═════ MATERIAL FOR THE TASK

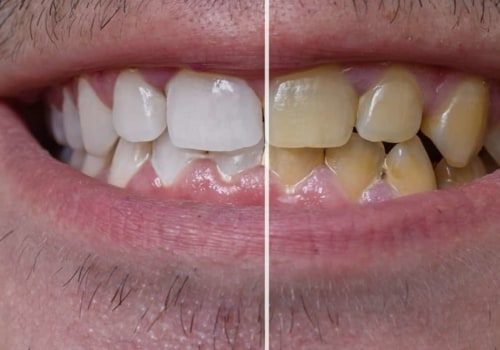 How to get rid of yellow stains on veneers
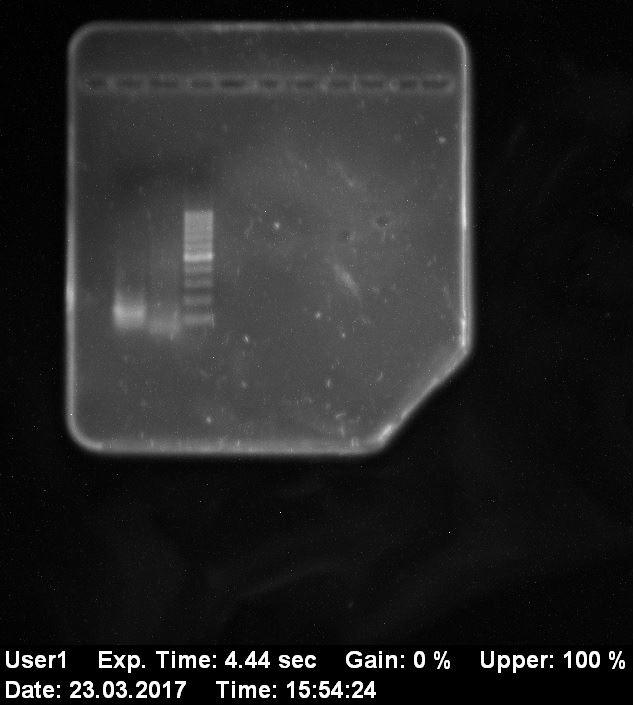 Ergebnis einer Gelelektrophorese (Haplo-Gruppe N)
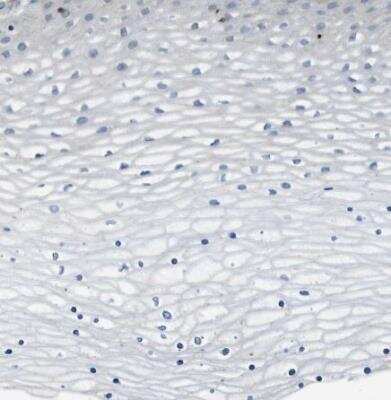 Immunohistochemistry-Paraffin: GlyT1/SLC6A9 Antibody [NBP1-81820]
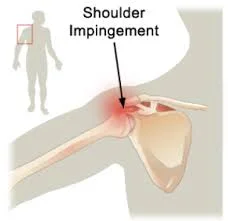 shoulderimpingement.jpeg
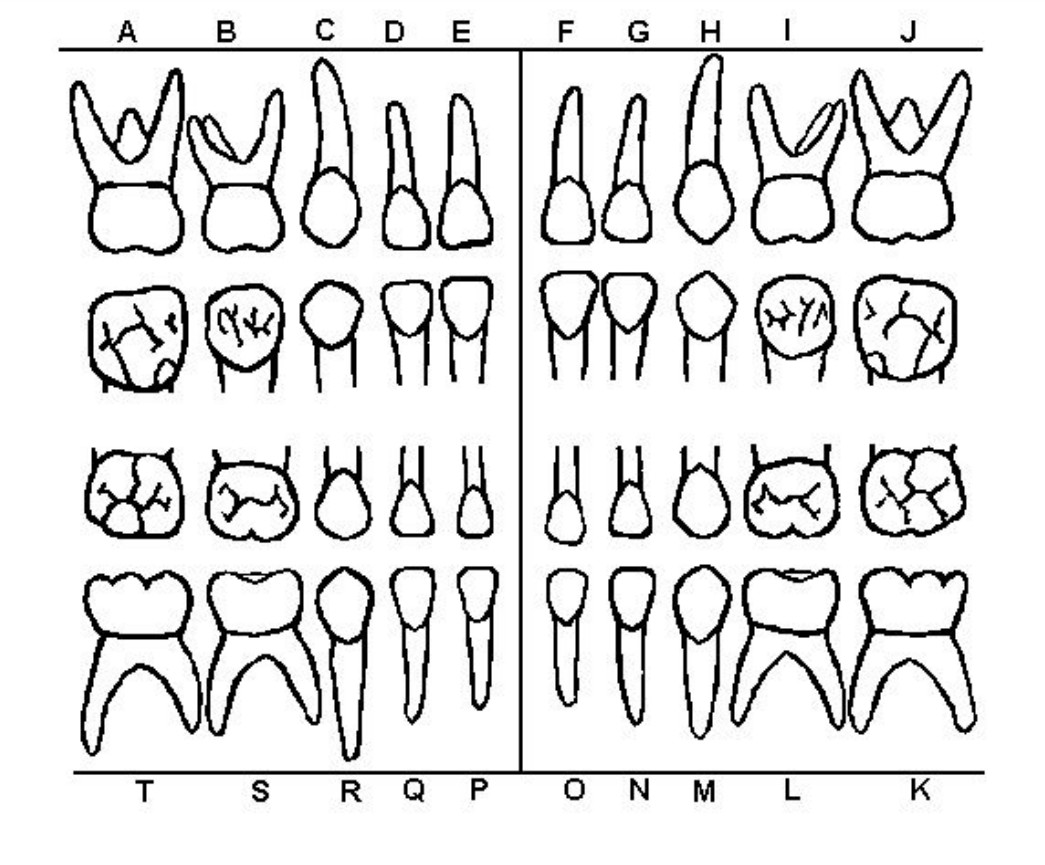 Tooth Chart Child Template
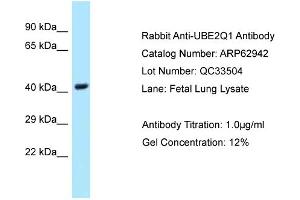 Western Blotting (WB) image for anti-Ubiquitin-Conjugating Enzyme E2Q Family Member 1 (UBE2Q1) (Middle Region) antibody (ABIN2789308) (UBE2Q1 Antikörper  (Middle Region))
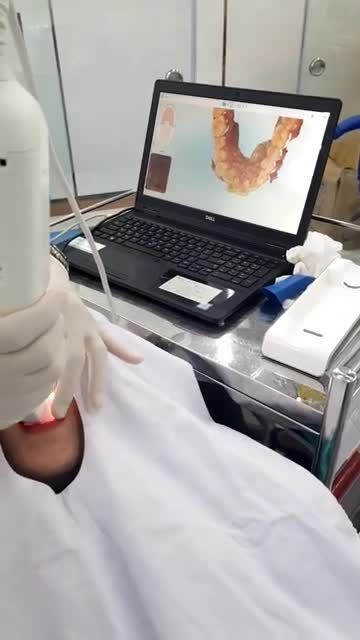 Niềng răng khay trong đúng chuẩn - Phải chọn đúng công nghệ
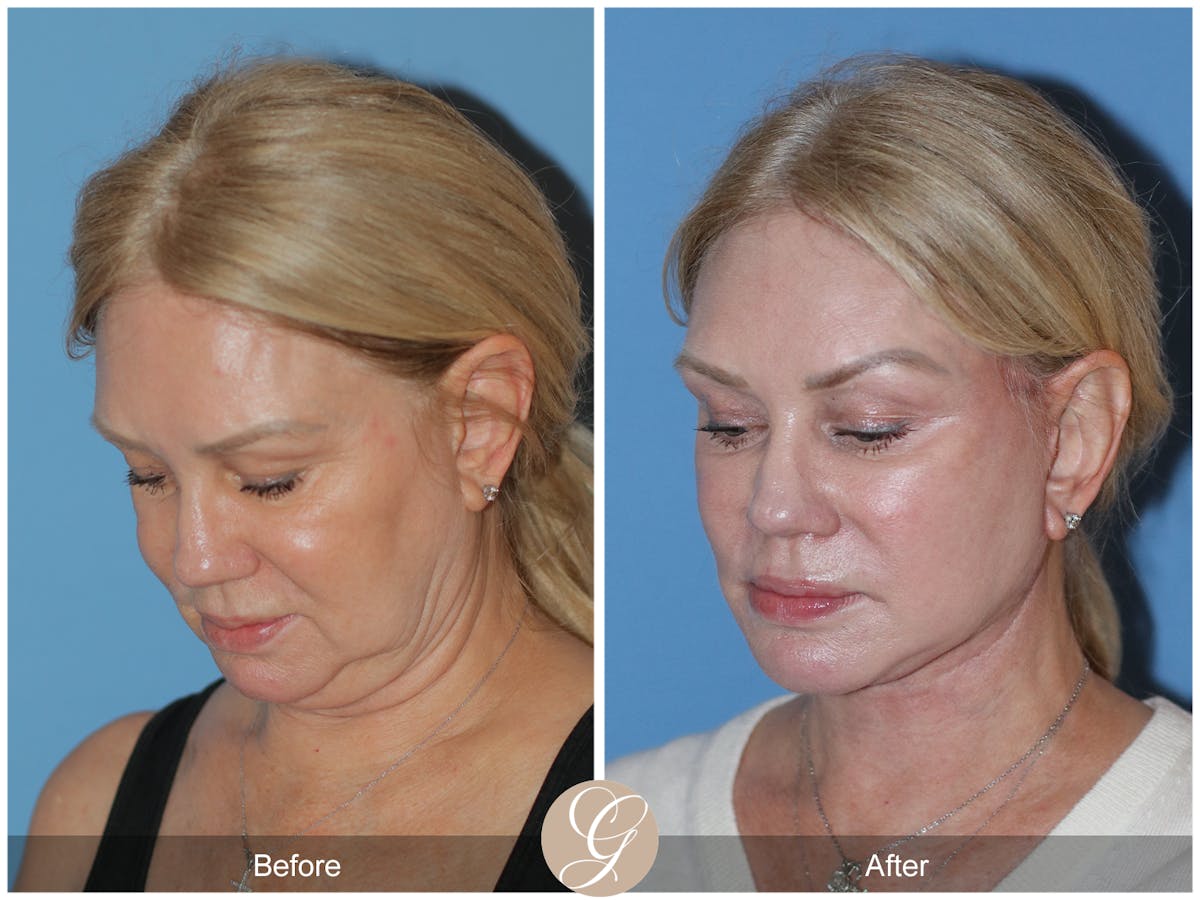 Neck Lift Before & After Gallery - Patient 301643 - Image 2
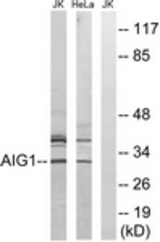 Western blot of extracts from HeLa/Jurkat cells, using AIG1 Antibody. The lane on the right is treated with the synthesized peptide.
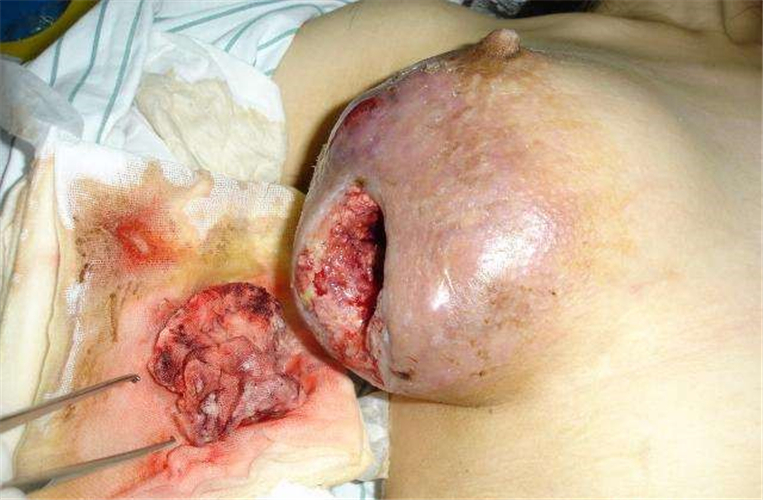 手术治疗乳腺纤维瘤图片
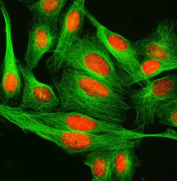 Immunofluorescent staining of FFPE human U-2 OS cells with SPRED2 antibody (red) and Alpha Tubulin mAb (green). HIER: steam section in pH6 citrate buffer for 20 min.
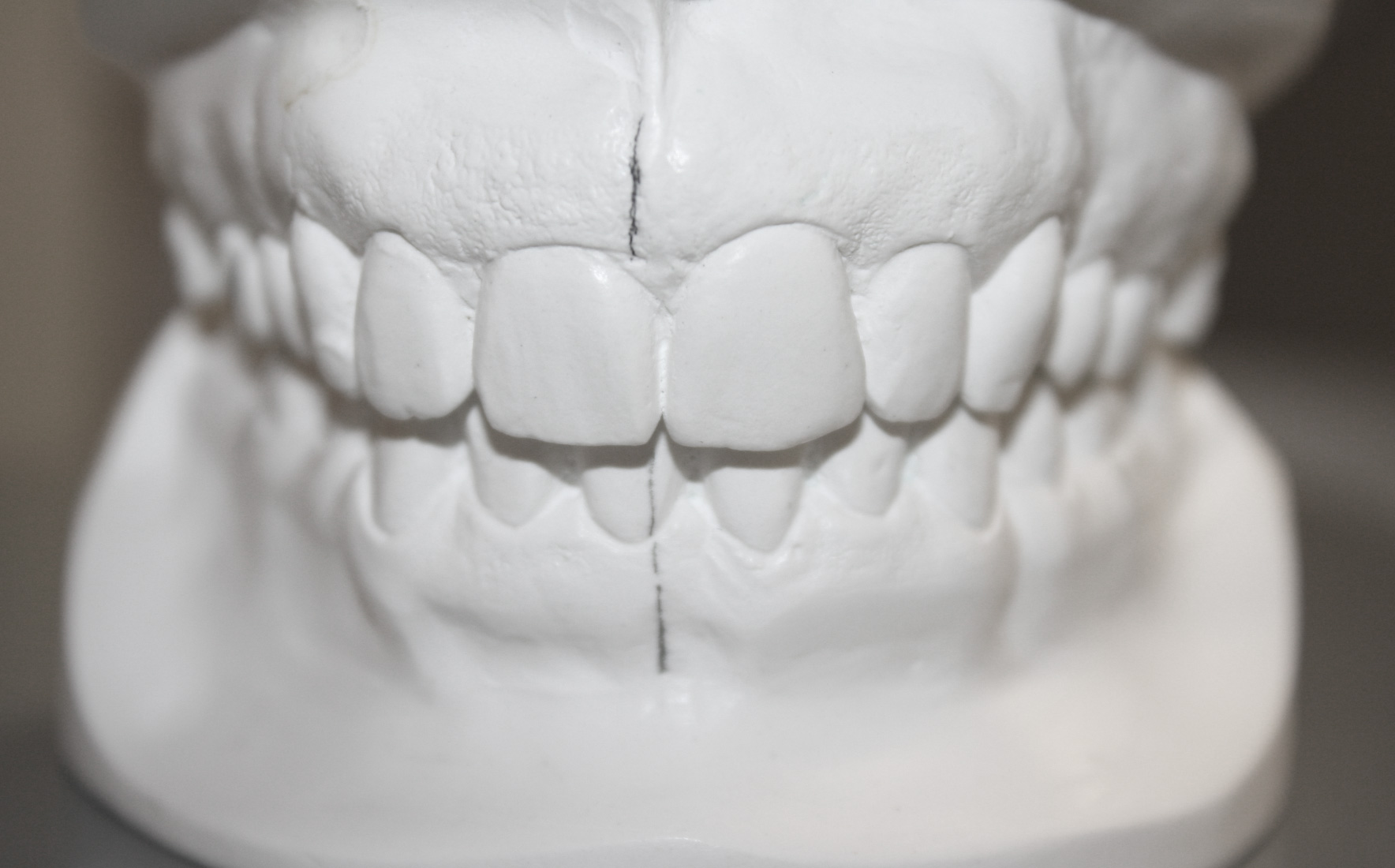 Nach der Behandlung Nach der Behandlung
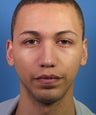 African American Rhinoplasty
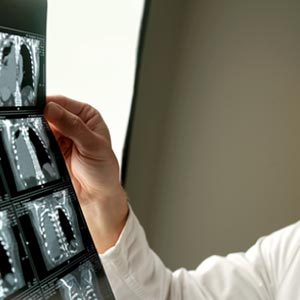 Typische Krankheiten für eine Berufsgruppe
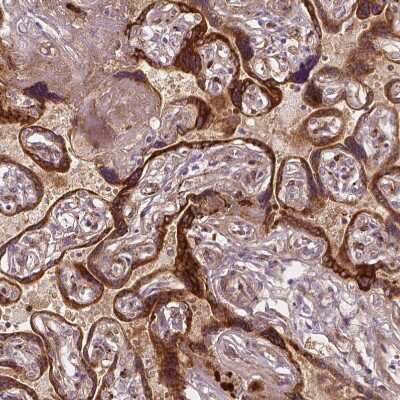 Immunohistochemistry-Paraffin: VEGFR1/Flt-1 Antibody (CL0345) [NBP2-30982]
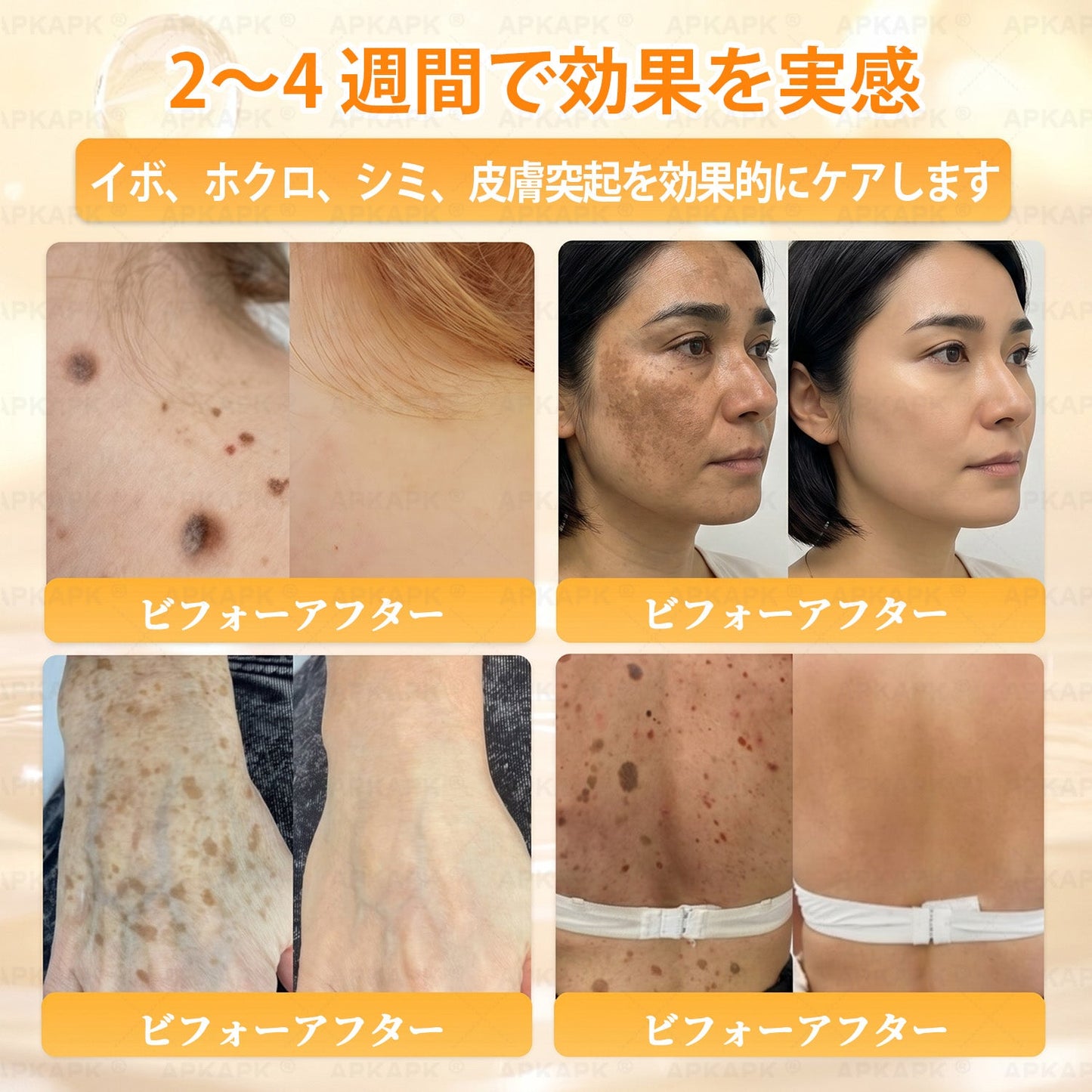 💎エイジング悩み対策サポート🐝🥇 𝖠𝖯𝖪𝖠𝖯𝖪® ハチ毒トータルスキンケアクリーム🔥
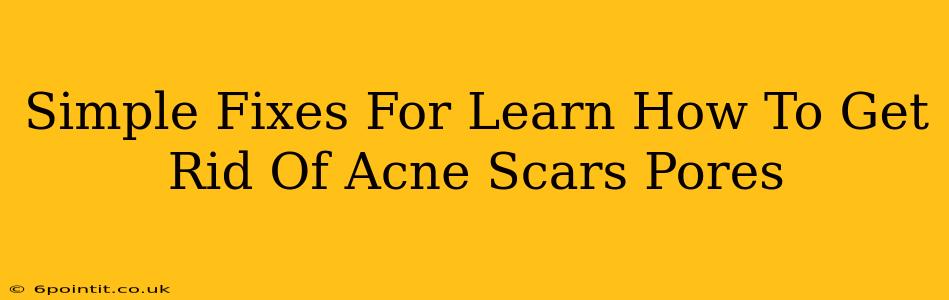 Simple Fixes For Learn How To Get Rid Of Acne Scars Pores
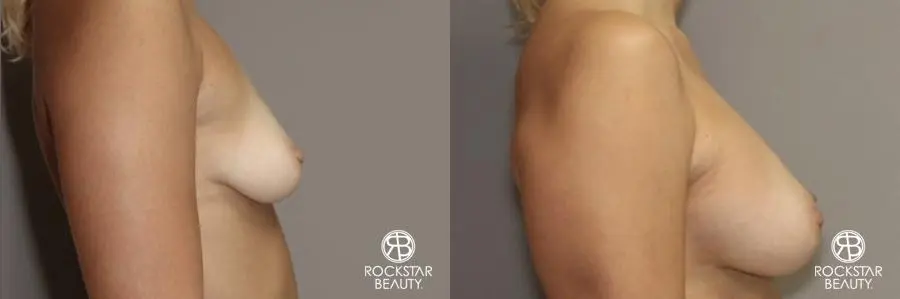 Breast Augmentation: Patient 7 - Before and After 3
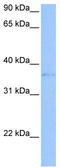 TREML2 antibody, TA338680, Origene, Western Blot image 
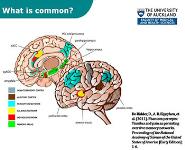 Tinnitus and Attention PowerPoint Presentation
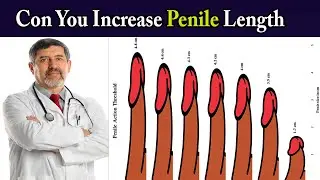 How To Increase Your Penis* Size ( Penile Size Myths &Facts )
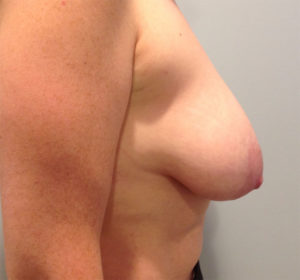 Breast Lift Before and After Pictures Bucks County, PA and Hunterdon County, NJ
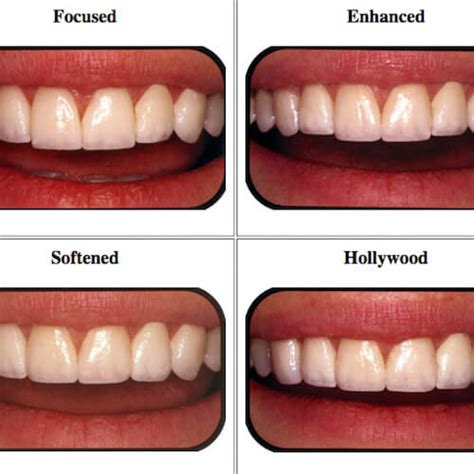 How to Choose the Best Veneers for Your Face Shape | Dr. Raanan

══════════

_GOAL OF THE EXERCISE:_ Could you repeat all of the entries exactly, without the pictures?

_ANSWER AREA:_
 How to get rid of yellow stains on veneers
 Ergebnis einer Gelelektrophorese (Haplo-Gruppe N)
 Immunohistochemistry-Paraffin: GlyT1/SLC6A9 Antibody [NBP1-81820]
 shoulderimpingement.jpeg
 Tooth Chart Child Template
 Western Blotting (WB) image for anti-Ubiquitin-Conjugating Enzyme E2Q Family Member 1 (UBE2Q1) (Middle Region) antibody (ABIN2789308) (UBE2Q1 Antikörper  (Middle Region))
 Niềng răng khay trong đúng chuẩn - Phải chọn đúng công nghệ
 Neck Lift Before & After Gallery - Patient 301643 - Image 2
 Western blot of extracts from HeLa/Jurkat cells, using AIG1 Antibody. The lane on the right is treated with the synthesized peptide.
 手术治疗乳腺纤维瘤图片
 Immunofluorescent staining of FFPE human U-2 OS cells with SPRED2 antibody (red) and Alpha Tubulin mAb (green). HIER: steam section in pH6 citrate buffer for 20 min.
 Nach der Behandlung Nach der Behandlung
 African American Rhinoplasty
 Typische Krankheiten für eine Berufsgruppe
 Immunohistochemistry-Paraffin: VEGFR1/Flt-1 Antibody (CL0345) [NBP2-30982]
 💎エイジング悩み対策サポート🐝🥇 𝖠𝖯𝖪𝖠𝖯𝖪® ハチ毒トータルスキンケアクリーム🔥
 Simple Fixes For Learn How To Get Rid Of Acne Scars Pores
 Breast Augmentation: Patient 7 - Before and After 3
 TREML2 antibody, TA338680, Origene, Western Blot image 
 Tinnitus and Attention PowerPoint Presentation
 How To Increase Your Penis* Size ( Penile Size Myths &Facts )
 Breast Lift Before and After Pictures Bucks County, PA and Hunterdon County, NJ
 How to Choose the Best Veneers for Your Face Shape | Dr. Raanan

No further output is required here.